Helmut Starke at Circa on Jellicoe

About a hundred metres from artist Helmut Starcke’s home in the seaside hamlet of Betty’s Bay is the Harold Porter National Botanical Garden. It is cocooned in the heart of the Cape Fynbos region, with the Kogelberg Biosphere Reserve forming a monolithic backdrop to the floral diversity below.

Fynbos frames Starcke’s house. Seamless fields of scrub – in yellow, lilac, gold and green – snake along the scenic ocean drive between Pringle Bay and Kleinmond. In fact, with around 1 600 plant species, the fynbos appears ubiquitously spread across the region, displaying a floral diversity per unit area that is greater than anywhere else in the world. It makes sense therefore that fynbos, or ‘slender scrub’ as it is translated, literally, from Dutch, should comprise the principal iconography of Starcke’s current body of works.

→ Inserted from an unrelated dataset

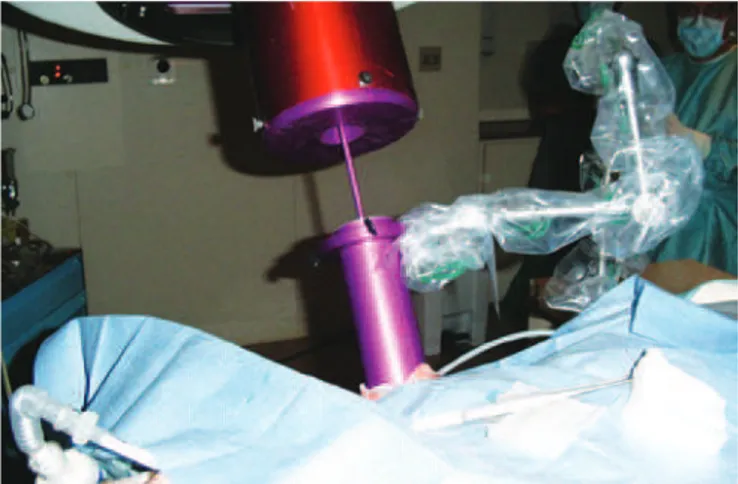 Figura 1. Radioterapia intraoperatória – o colimador, em lilás, está conectado ao  acelerador linear, adentrando a glândula mamária por meio do afastamento da  pele supratumoral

To those familiar with his prodigious oeuvre, this exhibition revisits a recurring refrain throughout Starcke’s career: his unremitting passion for conservation and his concerns about the potential waste and degradation of natural environments. This show may be read, therefore, as an elegy of sorts to an endangered plant species. But it is also about Betty’s Bay itself – its existence circumscribed by the bookends of the Kogelberg and the sea – as well as a reflection of Starcke’s personal and artistic trajectory.

 

Rich in visual symbolism, Starcke’s imagery eludes semantic pigeonholes. Yet his metaphysical explorations are articulated at ground level. Intellectually charged and protean, elegant and elegiac, his paintings speak as much of an embrace as they do of a lament. And ultimately they signify a celebration of a creative alchemy that is as transformative, fragile and ineffable as the life cycle of the ‘slender scrub’ itself.